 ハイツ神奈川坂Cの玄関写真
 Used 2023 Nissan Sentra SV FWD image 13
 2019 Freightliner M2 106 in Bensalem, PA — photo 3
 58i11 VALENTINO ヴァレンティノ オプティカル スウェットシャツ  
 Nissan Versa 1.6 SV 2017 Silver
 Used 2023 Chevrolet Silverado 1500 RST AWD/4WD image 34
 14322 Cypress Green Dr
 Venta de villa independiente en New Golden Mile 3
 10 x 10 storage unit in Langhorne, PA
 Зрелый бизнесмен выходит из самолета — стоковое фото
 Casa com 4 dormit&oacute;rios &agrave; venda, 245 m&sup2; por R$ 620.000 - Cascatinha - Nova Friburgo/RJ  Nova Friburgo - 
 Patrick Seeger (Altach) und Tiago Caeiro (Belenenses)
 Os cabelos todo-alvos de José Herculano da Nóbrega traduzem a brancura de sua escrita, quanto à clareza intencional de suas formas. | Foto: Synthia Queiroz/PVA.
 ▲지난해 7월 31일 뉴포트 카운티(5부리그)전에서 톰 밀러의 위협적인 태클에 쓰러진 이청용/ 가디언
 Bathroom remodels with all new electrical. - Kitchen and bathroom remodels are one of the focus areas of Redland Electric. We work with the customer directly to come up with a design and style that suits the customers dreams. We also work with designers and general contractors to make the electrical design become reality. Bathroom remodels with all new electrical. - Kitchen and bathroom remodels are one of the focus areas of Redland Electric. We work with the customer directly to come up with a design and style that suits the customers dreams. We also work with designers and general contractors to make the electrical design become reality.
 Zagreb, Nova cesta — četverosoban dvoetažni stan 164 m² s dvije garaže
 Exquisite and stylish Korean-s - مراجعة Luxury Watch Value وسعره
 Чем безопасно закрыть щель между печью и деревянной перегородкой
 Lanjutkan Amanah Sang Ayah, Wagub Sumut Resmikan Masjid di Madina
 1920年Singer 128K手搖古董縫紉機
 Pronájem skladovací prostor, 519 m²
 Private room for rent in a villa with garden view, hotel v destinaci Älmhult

::::

▸ EXERCISE OBJECTIVE
Word for word, print every line above.

▸ WRITTEN SOLUTION
 ハイツ神奈川坂Cの玄関写真
 Used 2023 Nissan Sentra SV FWD image 13
 2019 Freightliner M2 106 in Bensalem, PA — photo 3
 58i11 VALENTINO ヴァレンティノ オプティカル スウェットシャツ  
 Nissan Versa 1.6 SV 2017 Silver
 Used 2023 Chevrolet Silverado 1500 RST AWD/4WD image 34
 14322 Cypress Green Dr
 Venta de villa independiente en New Golden Mile 3
 10 x 10 storage unit in Langhorne, PA
 Зрелый бизнесмен выходит из самолета — стоковое фото
 Casa com 4 dormit&oacute;rios &agrave; venda, 245 m&sup2; por R$ 620.000 - Cascatinha - Nova Friburgo/RJ  Nova Friburgo - 
 Patrick Seeger (Altach) und Tiago Caeiro (Belenenses)
 Os cabelos todo-alvos de José Herculano da Nóbrega traduzem a brancura de sua escrita, quanto à clareza intencional de suas formas. | Foto: Synthia Queiroz/PVA.
 ▲지난해 7월 31일 뉴포트 카운티(5부리그)전에서 톰 밀러의 위협적인 태클에 쓰러진 이청용/ 가디언
 Bathroom remodels with all new electrical. - Kitchen and bathroom remodels are one of the focus areas of Redland Electric. We work with the customer directly to come up with a design and style that suits the customers dreams. We also work with designers and general contractors to make the electrical design become reality. Bathroom remodels with all new electrical. - Kitchen and bathroom remodels are one of the focus areas of Redland Electric. We work with the customer directly to come up with a design and style that suits the customers dreams. We also work with designers and general contractors to make the electrical design become reality.
 Zagreb, Nova cesta — četverosoban dvoetažni stan 164 m² s dvije garaže
 Exquisite and stylish Korean-s - مراجعة Luxury Watch Value وسعره
 Чем безопасно закрыть щель между печью и деревянной перегородкой
 Lanjutkan Amanah Sang Ayah, Wagub Sumut Resmikan Masjid di Madina
 1920年Singer 128K手搖古董縫紉機
 Pronájem skladovací prostor, 519 m²
 Private room for rent in a villa with garden view, hotel v destinaci Älmhult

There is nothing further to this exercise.